KALDI：apply-cmvn-sliding

pytorch / audio

Data manipulation and transformation for audio signal processing, powered by PyTorch

https://pytorch.org/audio

BSD 2-Clause "Simplified" License

2.53k stars 651 forks source link

KALDI：apply-cmvn-sliding #535

Closed wanglong001 closed 4 years ago

wanglong001 commented 4 years ago

🚀 Feature

Apply sliding-window cepstral mean (and optionally variance) normalization per utterance.

Motivation

Acoustic features are extracted based on Kaldi. I want to use torchaudio instead, but there is no cmvn， I wrote a torch version of cmvn according to Kaldi

stonelazy commented 3 years ago

Dear @wanglong001 I fail to understand where exactly we would be making use of torchaudio.transforms.SlidingWindowCmn is it to normalize the output of STFT/MFCC at a window level ?
Would it be possible for you to explain on this ? Am not familiar with Kaldi.
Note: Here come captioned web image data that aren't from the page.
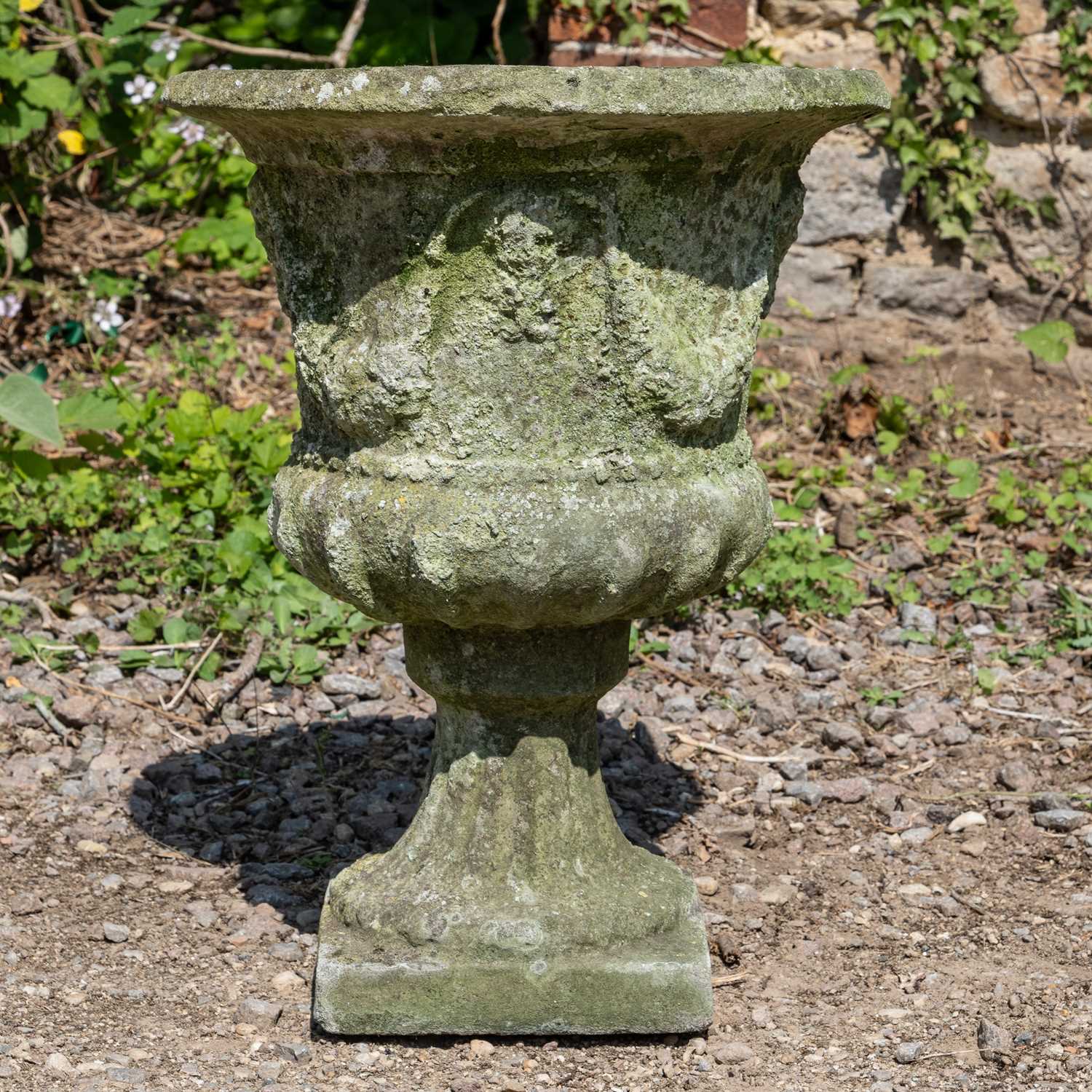 Lot 1366 - A cast reconstituted stone garden urn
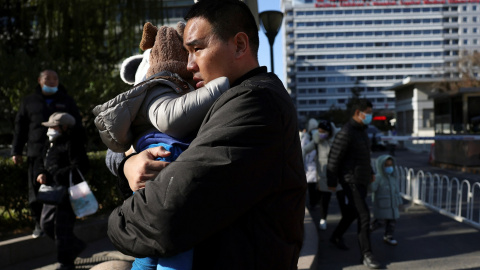 Un hombre con su hijo a las puertas de un hospital en Pekín, China, este 24 de noviembre de 2023.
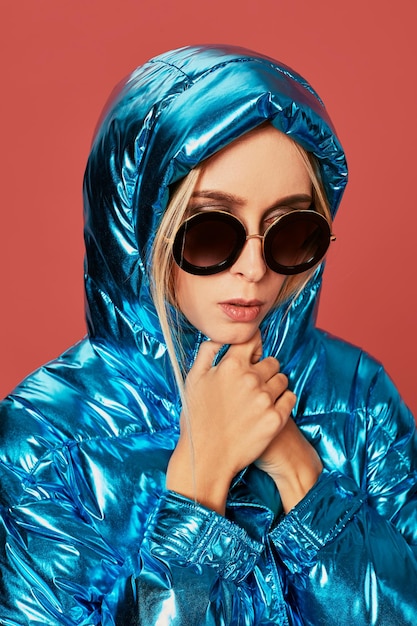 Close up fashion photo of young woman covering herself with hood. She wears blue oversized down jacket in studio on red background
wanglong001 commented 3 years ago

Dear @wanglong001 I fail to understand where exactly we would be making use of torchaudio.transforms.SlidingWindowCmn is it to normalize the output of STFT/MFCC at a window level ? Would it be possible for you to explain on this ? Am not familiar with Kaldi.

Yes, normalize the output of cepstral (STFT/MFCC...) at a window level, Mainly to reduce the impact of environmental noise.

https://kaldi-asr.org/doc/apply-cmvn-sliding_8cc.html